US 12,346,340 B2
Search engine using self-supervised learning and predictive models for searches based on partial information
Amihai Savir, Newton, MA (US); Ofir Ezrielev, Be'er Sheva (IL); and Oshry Ben Harush, Cedar Park, TX (US)
Assigned to EMC IP Holding Company LLC, Hopkinton, MA (US)
Filed by Dell Products L.P., Round Rock, TX (US)
Filed on Jul. 22, 2022, as Appl. No. 17/871,843.
Application 17/871,843 is a continuation in part of application No. 17/711,839, filed on Apr. 1, 2022, granted, now 12,141,158.
Application 17/871,843 is a continuation in part of application No. 15/084,324, filed on Mar. 29, 2016, abandoned.
Prior Publication US 2022/0374446 A1, Nov. 24, 2022
Int. Cl.
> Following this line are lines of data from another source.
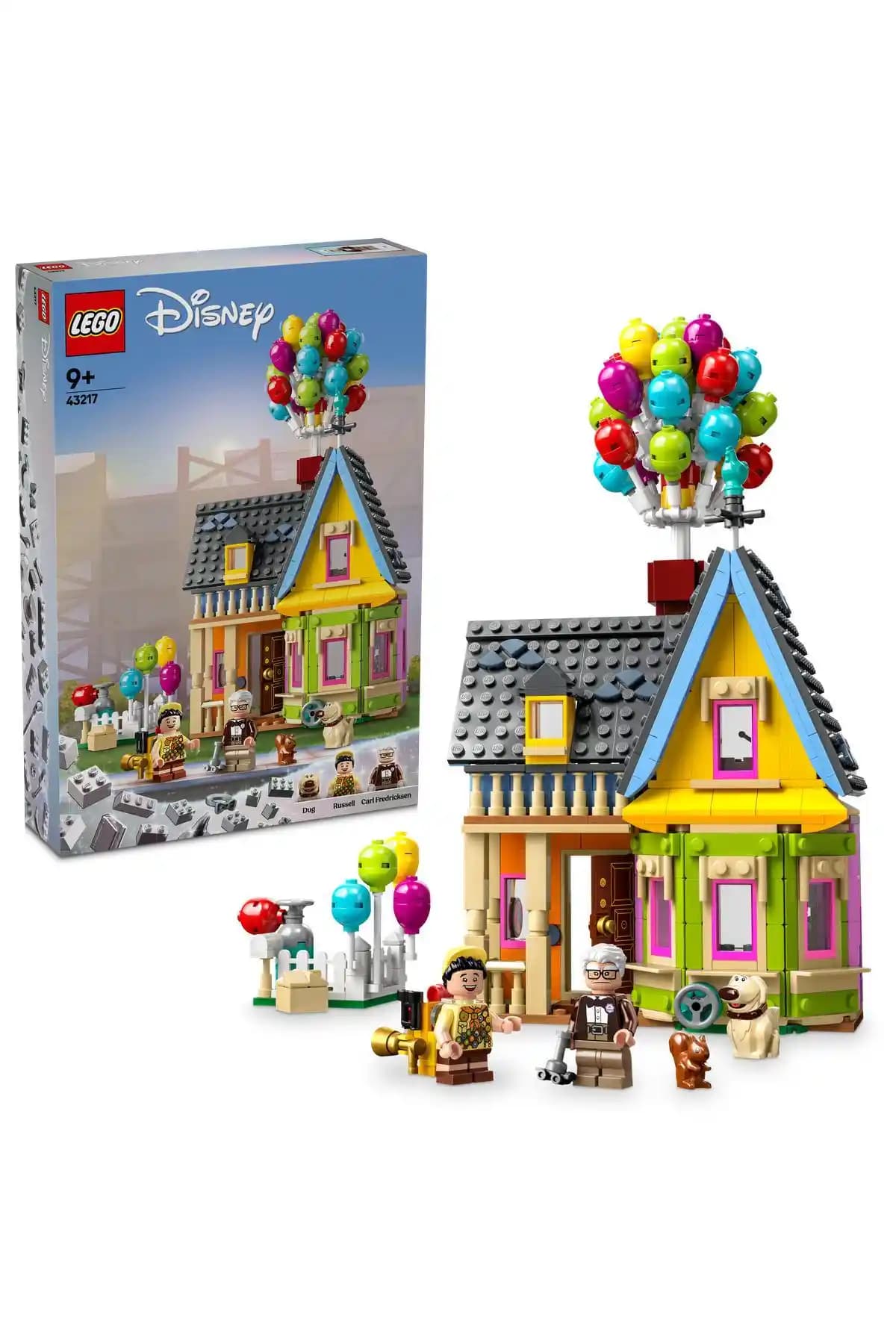 LEGO® Disney “Yukarı Bak” Evi 43217 - 9+ Yaş Yaratıcı ve Detaylı Oyuncak Seti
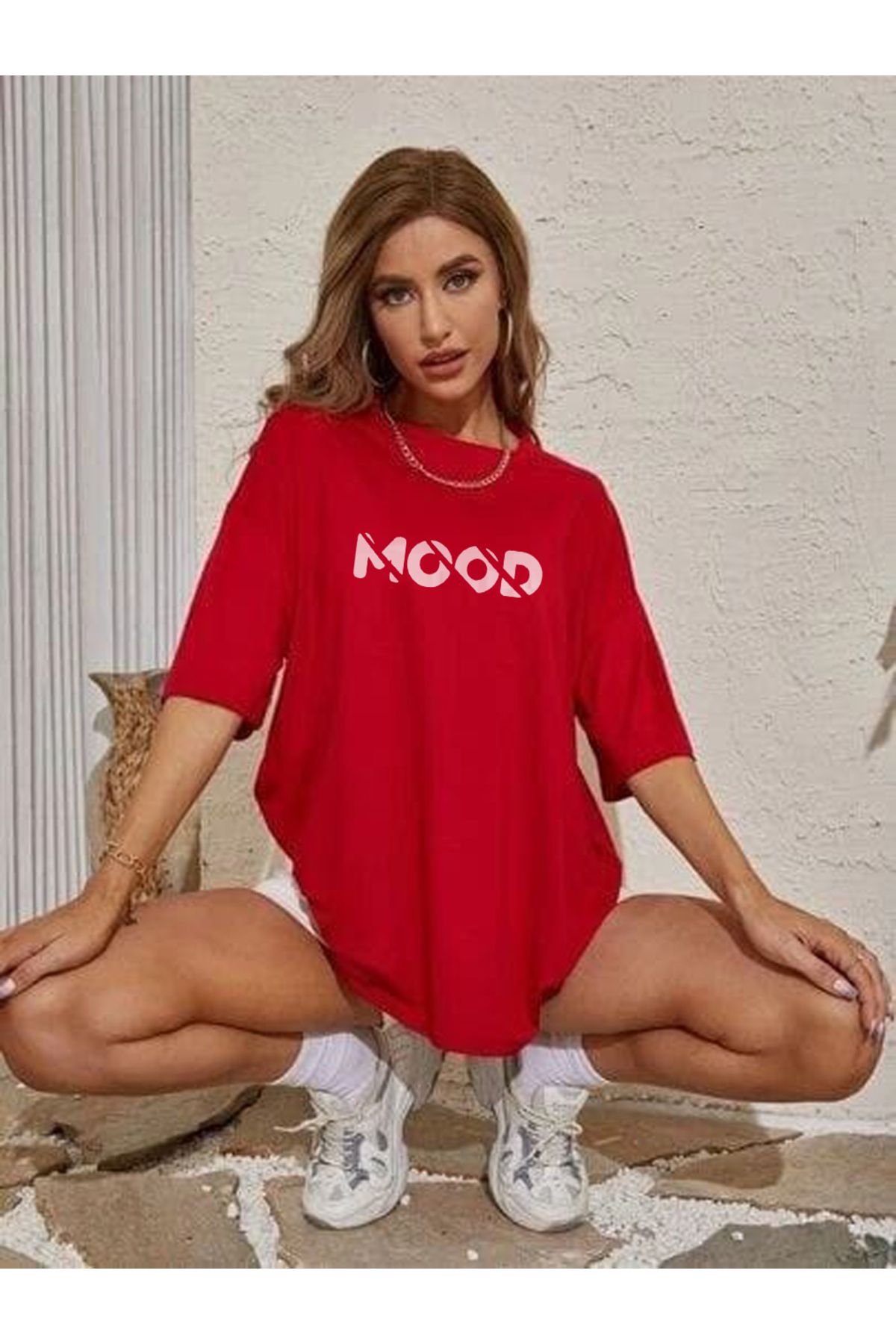 TekTarzz Unisex Mood Tasarım Baskılı Tshirt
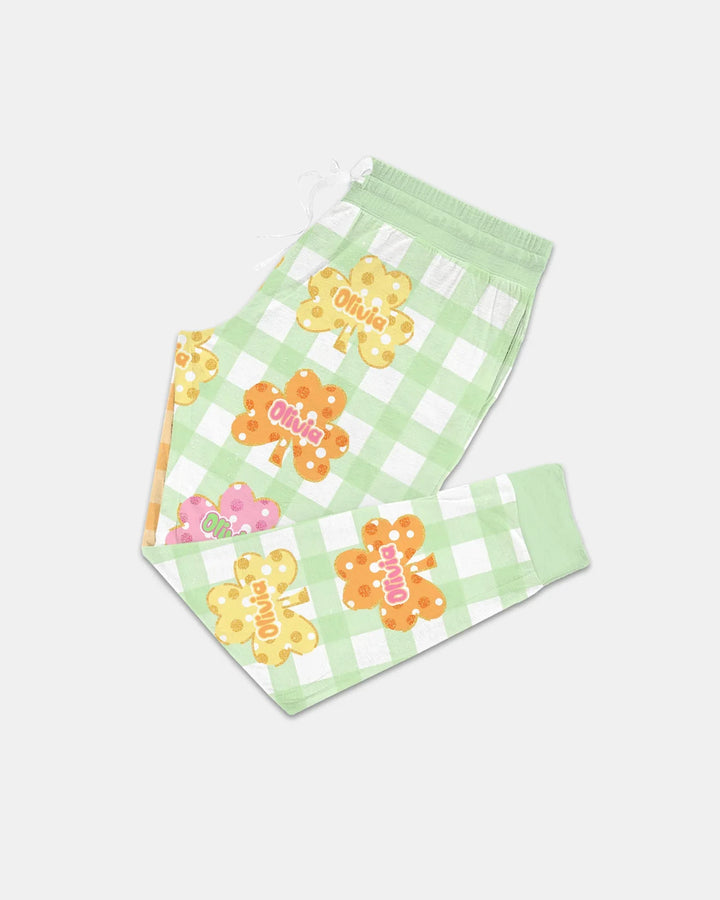 Glücksklee Bambus Damen Pyjama-Set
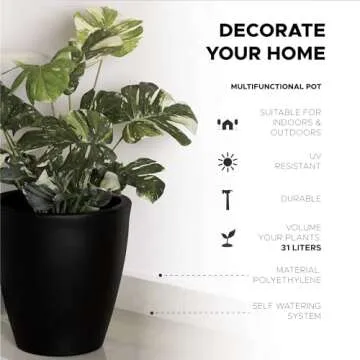 Elly Décor 17 inch Lightweight Planter for Garden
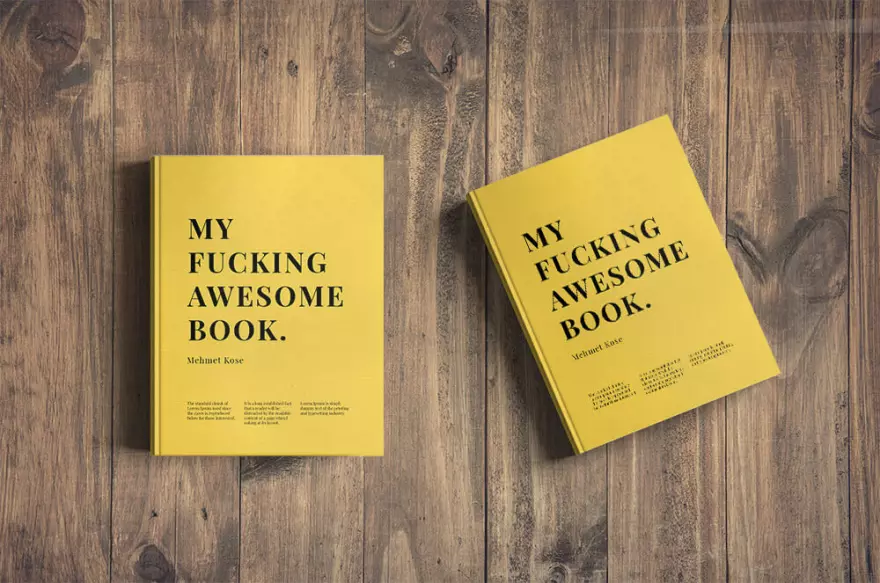 Download Two books PSD mockup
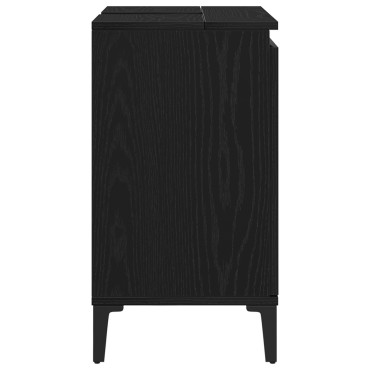 vidaXL Ντουλάπι Wash μαύρη δρυ 58x33x60cm Επεξεργασμένο ξύλο 1 τεμ.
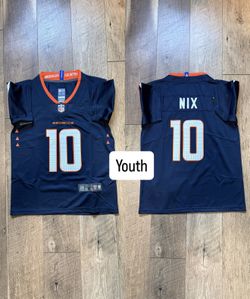 Bo Nix Denver Broncos Youth Kids Jersey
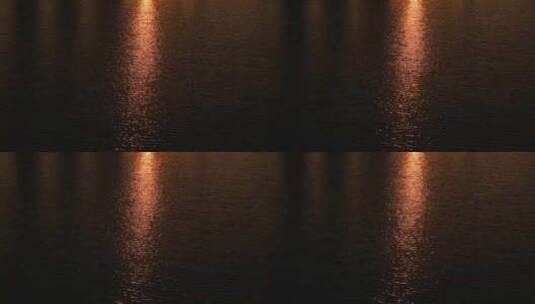 夕阳 波光粼粼水面 傍晚日落 4701高清在线视频素材下载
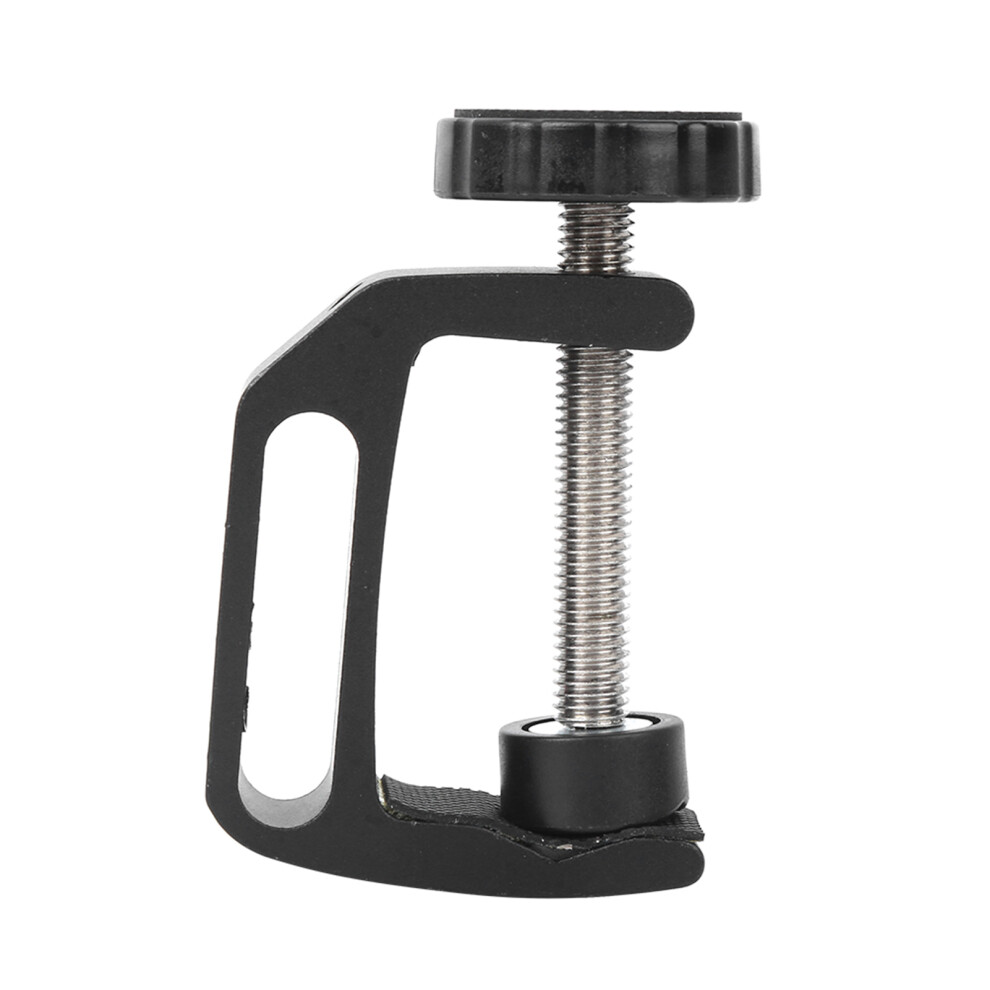 Aluminium Alloy C Clamp Mount Fixed Desktop Black 9121376359651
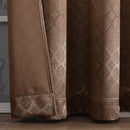 15 of 18:Tobias Damask Metallic Grommet Blackout Window Panel, 52x84 Inches 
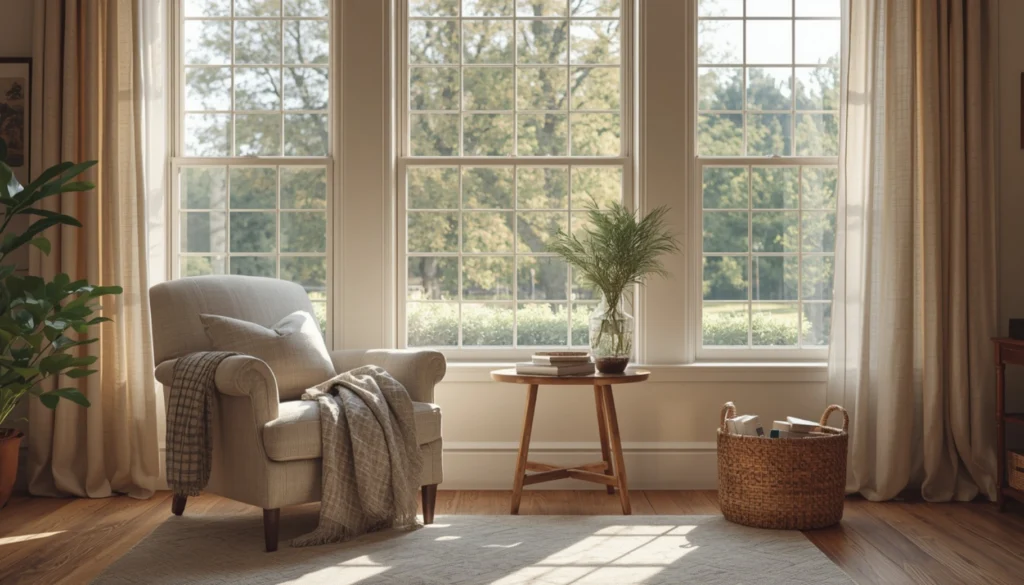 Cozy Window Reading Nook
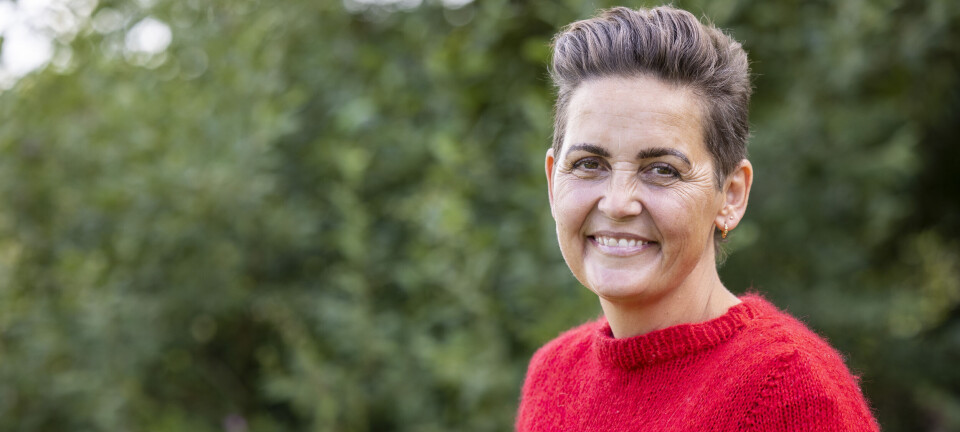 Pia Olsen Dyhr kvæstet efter ulykke: Se billedet her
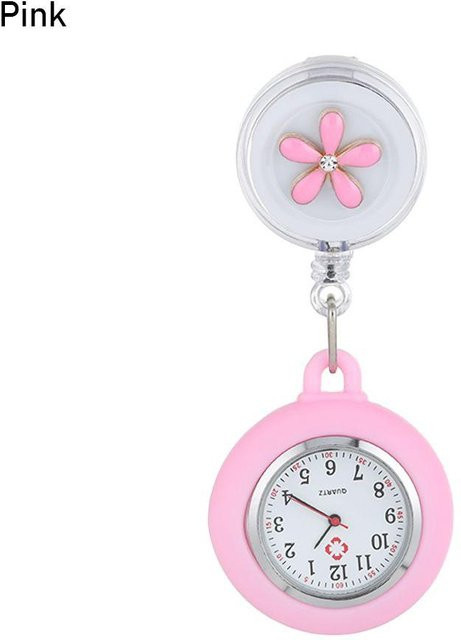 junyixin Taschenuhr, Quarz, Kunststoff, Rosa, Damen - Bild 1
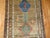 Blue Vintage Tribal Navy Camel Primitive Zabihi Collection Persian Kurd Runner - 3'7" x 13'11" For Sale - Image 8 of 8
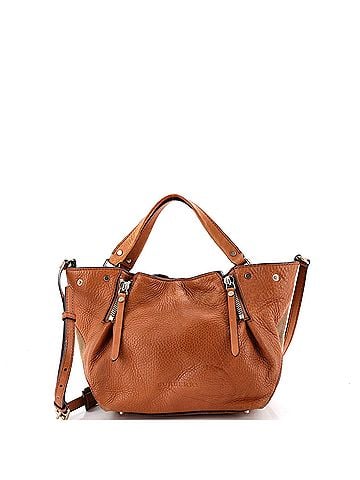 Burberry Maidstone Tote Leather and House Check Canvas Medium (view 1)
G06F 17/00 (2019.01); G06F 16/25 (2019.01); G06F 16/901 (2019.01); G06F 16/9535 (2019.01)
CPC G06F 16/256 (2019.01) [G06F 16/9024 (2019.01); G06F 16/9535 (2019.01)] 19 Claims
OG exemplary drawing
 
1. A server computer-implemented method of processing queries input to a data retrieval system storing data assets for users in an enterprise, comprising:
storing, in a federation business data lake (FBDL) storage maintained for a large-scale data processing system, data assets retrievable by a user;
providing a search engine for entry of queries by users looking for data in the FBDL;
monitoring and recording, by a monitoring component of the server, all interactions of a plurality of known users, including a first user and a target user, each interaction comprising an activity that triggers a read/write cycle to the FBDL storage;
first deriving a similarity of each of the plurality of known users to the target user based on respective past and current data retrieval patterns of each of known users for data queried in the search engine;
identifying an unknown user for whom there are no known interactions with the plurality of known users or the data assets to constitute missing features;
generating a graph for the unknown user representing data asset interactions for the unknown user;
training a generative model that uses reconstructive self-supervised learning (SSL) techniques for the graph to generate possible values for the missing features;
second deriving a similarity of the unknown user to the target user based on the trained model; and
returning a result to a query input to the search engine by the target user based on the similarity of the known users to the target user and the similarity of the unknown user to the target user.